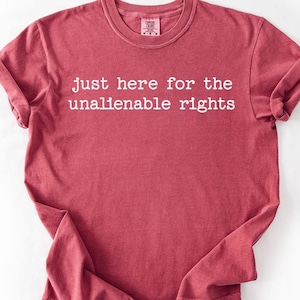 May include: A maroon-colored t-shirt with the text "just here for the unalienable rights" in white. The shirt has a crew neck and rolled-up sleeves. The shirt is made of a soft, comfortable material.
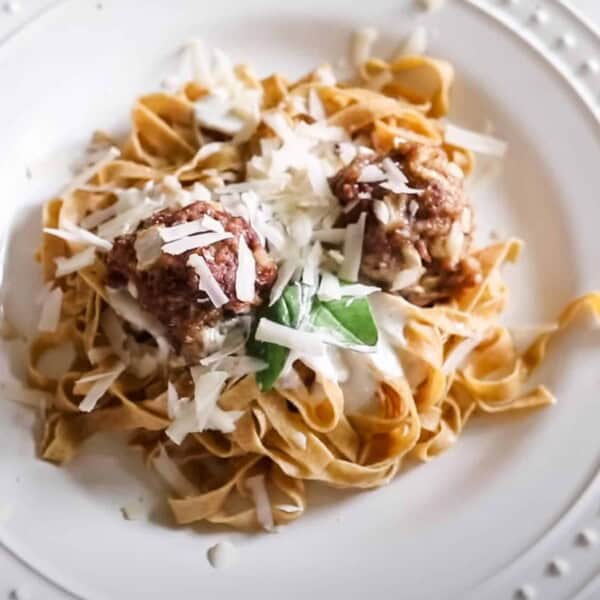 fresh homemade einkorn pasta on a white plate and topped with meatballs fresh herbs and cheese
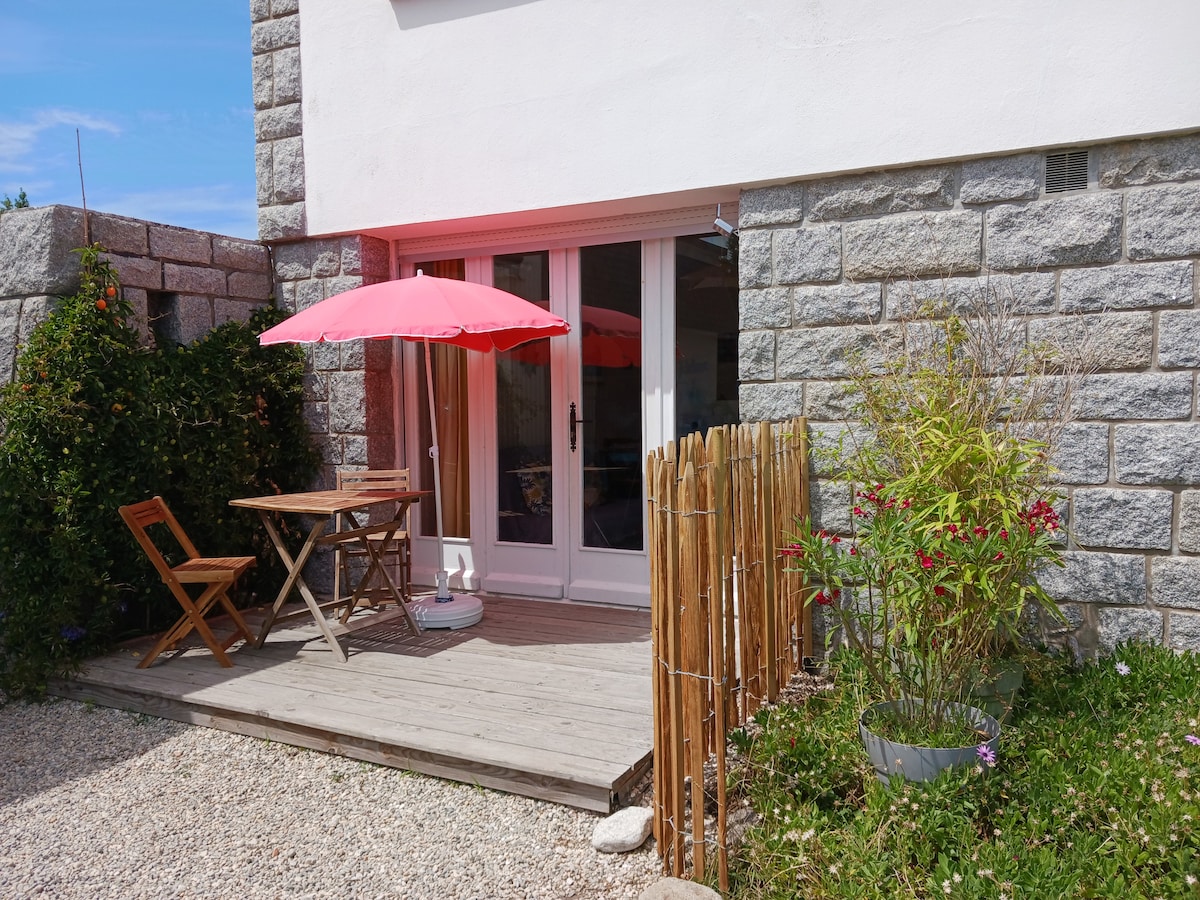 A wooden deck area features a small table and two chairs, accompanied by a bright pink umbrella. Surrounding greenery adds a natural touch, while a low bamboo fence creates privacy. The nearby stone wall complements the serene outdoor space.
= = = = =
YOUR OBJECTIVE: Copy out all the data above exactly, minus the images.

TASK OUTPUT:
 May include: A maroon-colored t-shirt with the text "just here for the unalienable rights" in white. The shirt has a crew neck and rolled-up sleeves. The shirt is made of a soft, comfortable material.
 fresh homemade einkorn pasta on a white plate and topped with meatballs fresh herbs and cheese
 A wooden deck area features a small table and two chairs, accompanied by a bright pink umbrella. Surrounding greenery adds a natural touch, while a low bamboo fence creates privacy. The nearby stone wall complements the serene outdoor space.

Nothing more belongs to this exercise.